### Your goal
Please repeat the lines below, exactly and only, from the one that holds "Human Gunslinger with Musket" through the one that holds "Wählen Sie Ihr".

### Records supplied
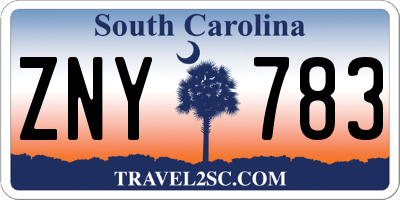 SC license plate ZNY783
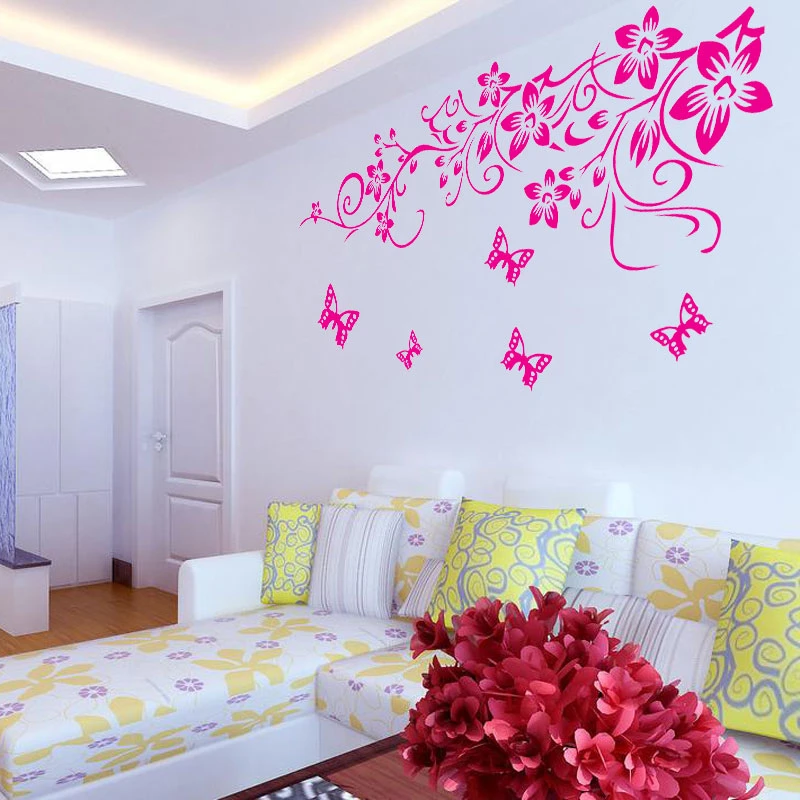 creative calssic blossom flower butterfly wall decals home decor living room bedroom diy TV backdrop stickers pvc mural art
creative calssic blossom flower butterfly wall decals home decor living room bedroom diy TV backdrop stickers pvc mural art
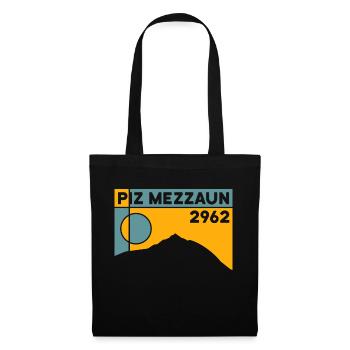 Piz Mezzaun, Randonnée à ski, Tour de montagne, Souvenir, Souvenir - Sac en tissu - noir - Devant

* * *

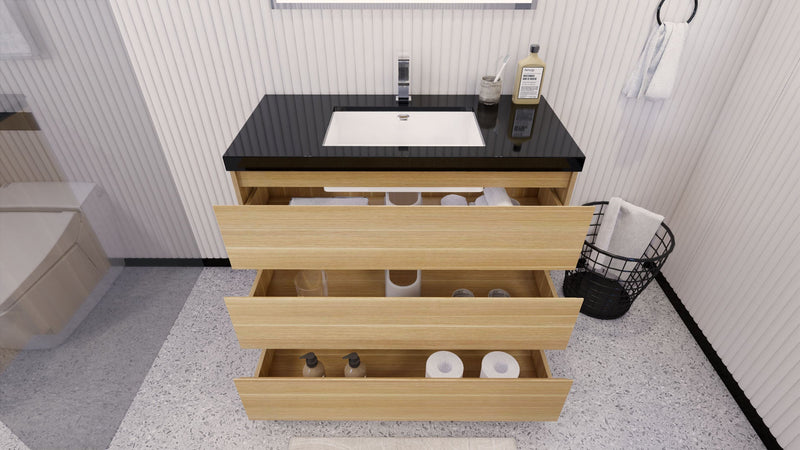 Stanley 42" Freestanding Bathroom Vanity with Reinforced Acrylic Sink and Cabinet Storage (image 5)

==

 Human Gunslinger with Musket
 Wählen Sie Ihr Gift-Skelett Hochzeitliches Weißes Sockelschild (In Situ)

### Written solution
 Human Gunslinger with Musket
 Wählen Sie Ihr Gift-Skelett Hochzeitliches Weißes Sockelschild (In Situ)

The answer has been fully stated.